ABOUT THIS EXERCISE
Leaving out the pictures, return word for word the stretch of entries below from the line holding "BPL Cardiart 3-channel ECG Machine GenX3" through the line holding "Masterklinikken Etter Behandling".

DATASET RECORDS
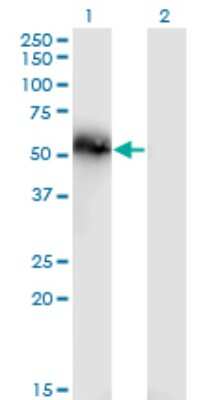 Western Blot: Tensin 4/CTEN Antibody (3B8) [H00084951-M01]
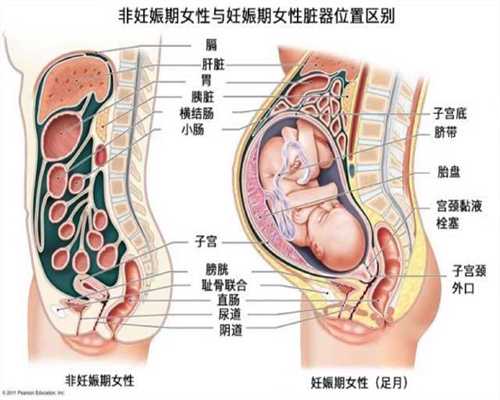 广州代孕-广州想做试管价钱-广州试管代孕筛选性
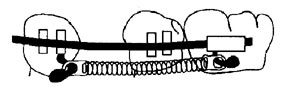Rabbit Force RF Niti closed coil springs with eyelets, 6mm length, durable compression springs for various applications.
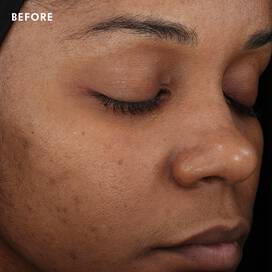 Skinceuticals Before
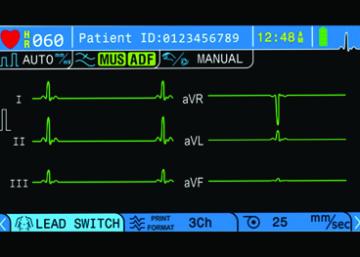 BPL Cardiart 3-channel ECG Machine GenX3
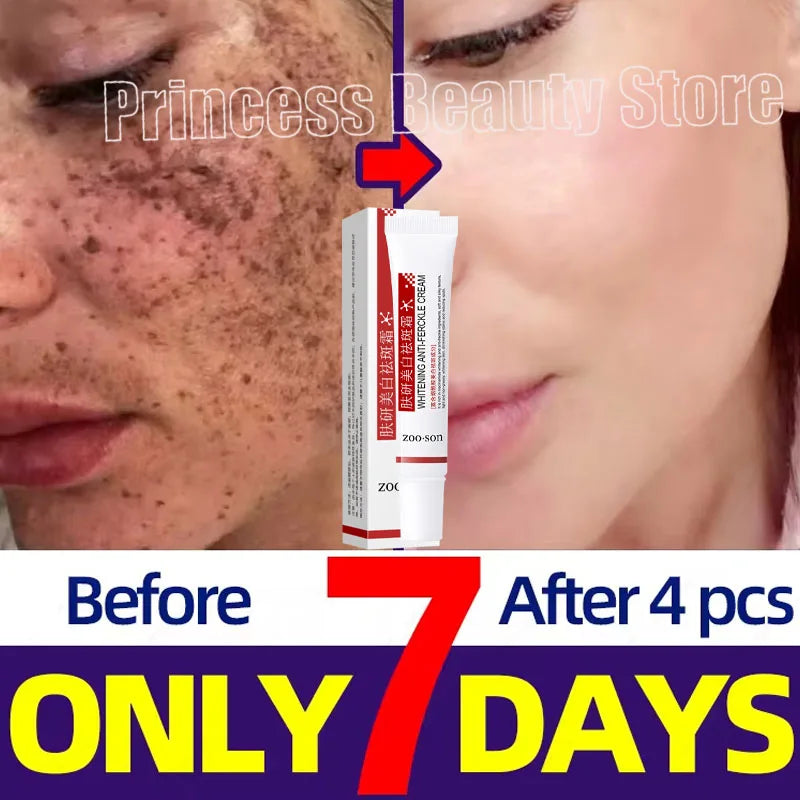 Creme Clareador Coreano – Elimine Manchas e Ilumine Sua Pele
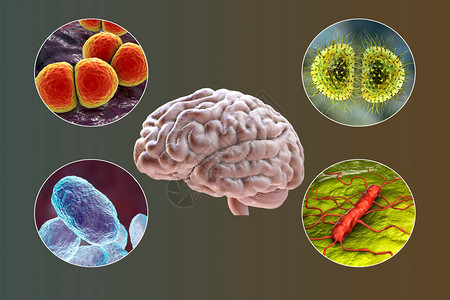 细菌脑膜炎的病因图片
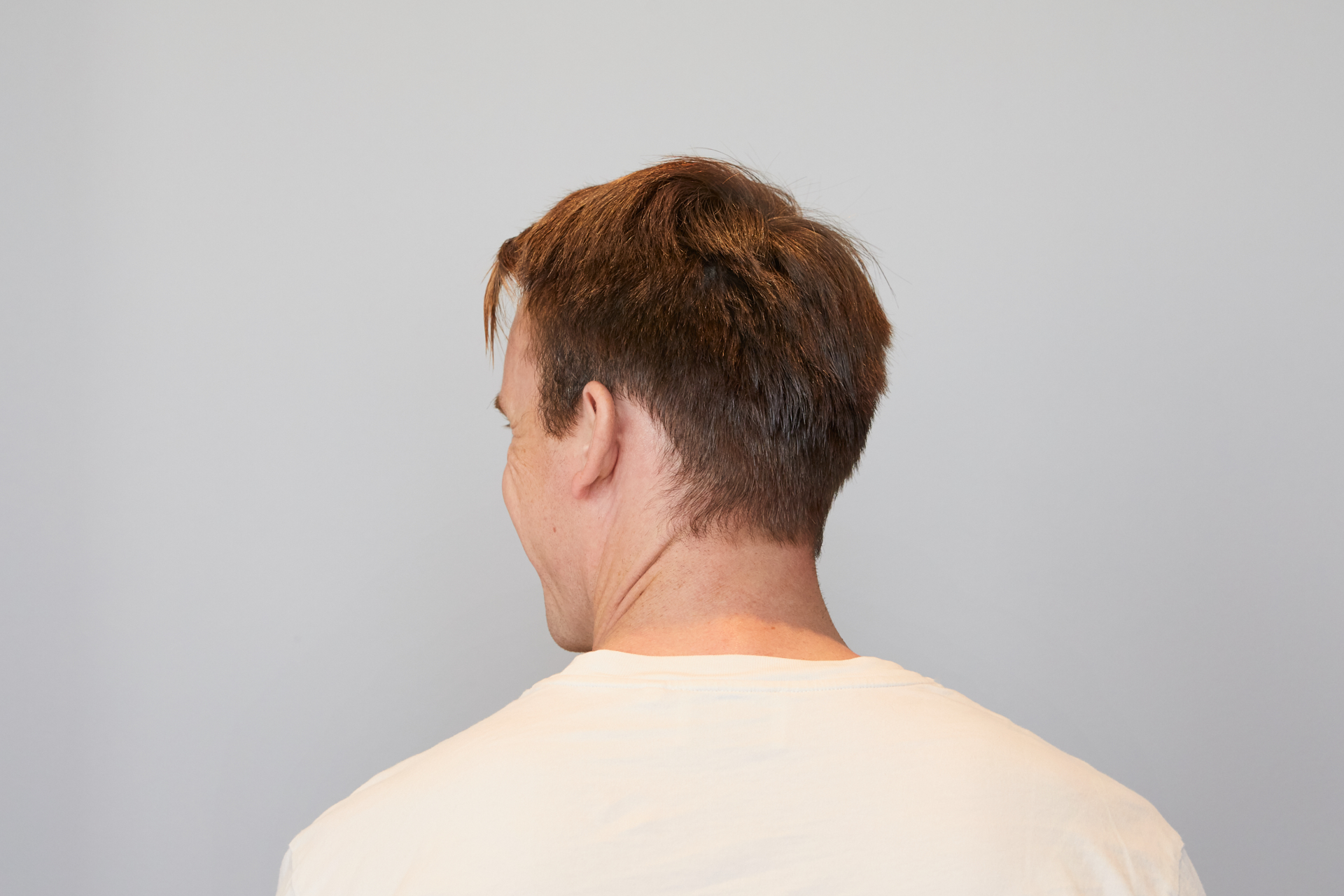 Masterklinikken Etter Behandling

---

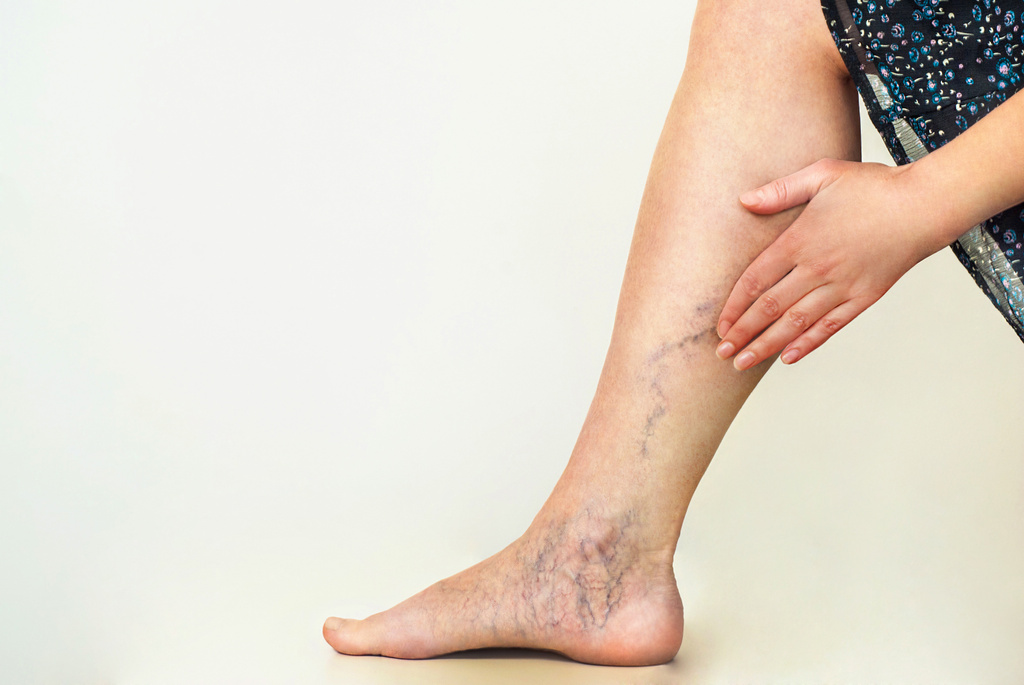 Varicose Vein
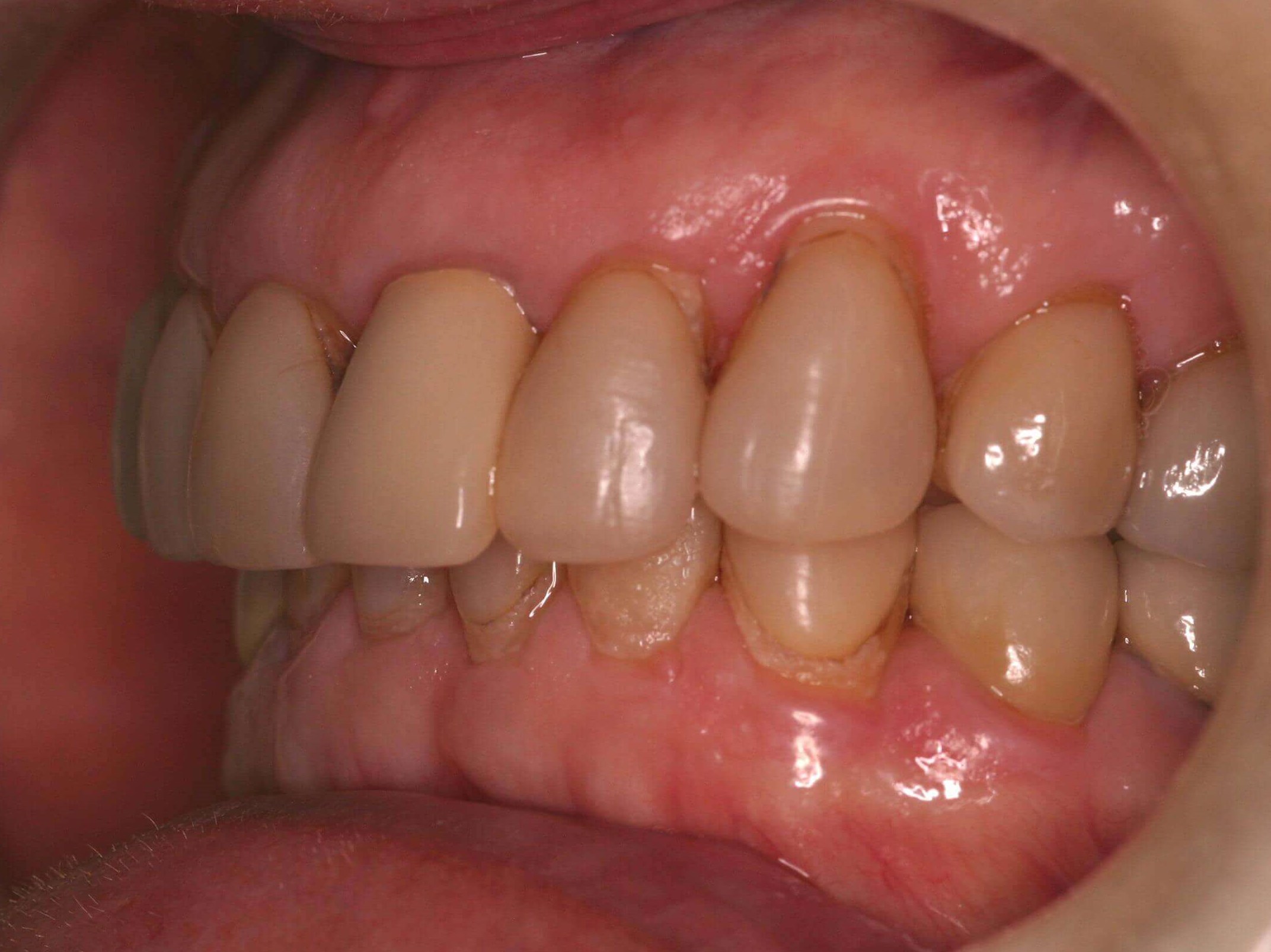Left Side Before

...

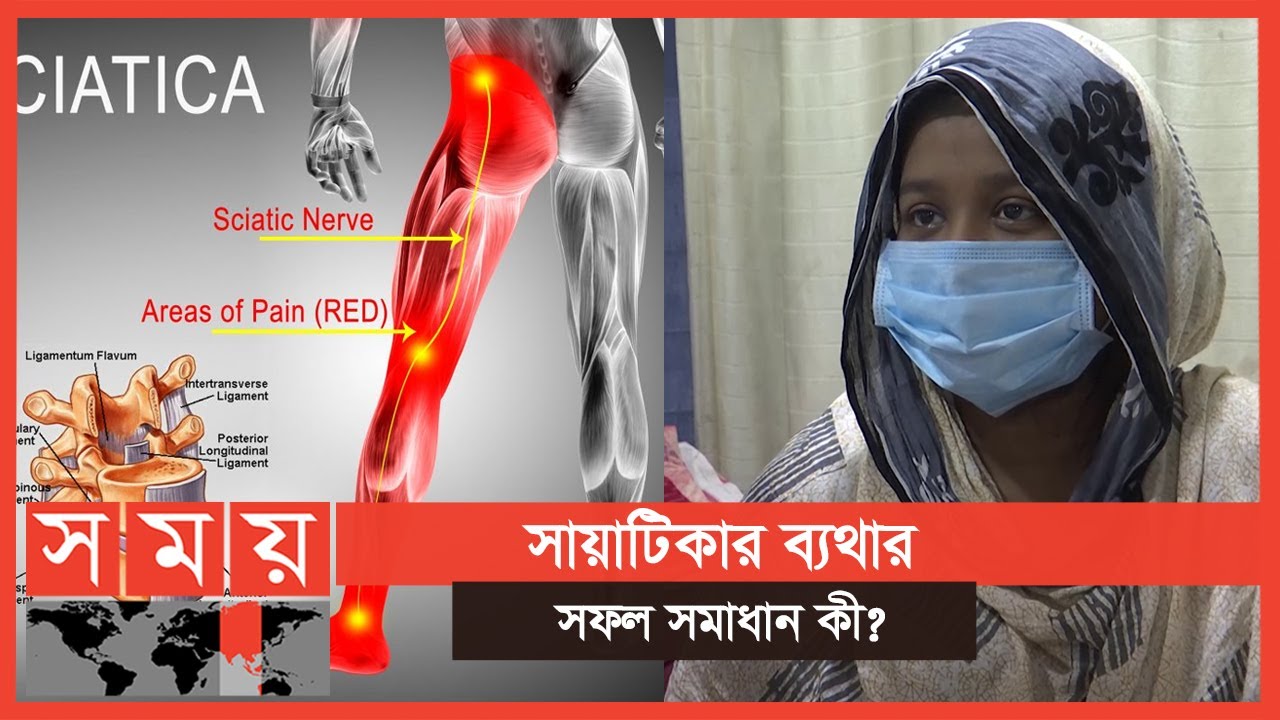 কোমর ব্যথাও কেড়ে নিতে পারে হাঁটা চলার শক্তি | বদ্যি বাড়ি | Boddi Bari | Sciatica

ANSWER AREA
 BPL Cardiart 3-channel ECG Machine GenX3
 Creme Clareador Coreano – Elimine Manchas e Ilumine Sua Pele
 细菌脑膜炎的病因图片
 Masterklinikken Etter Behandling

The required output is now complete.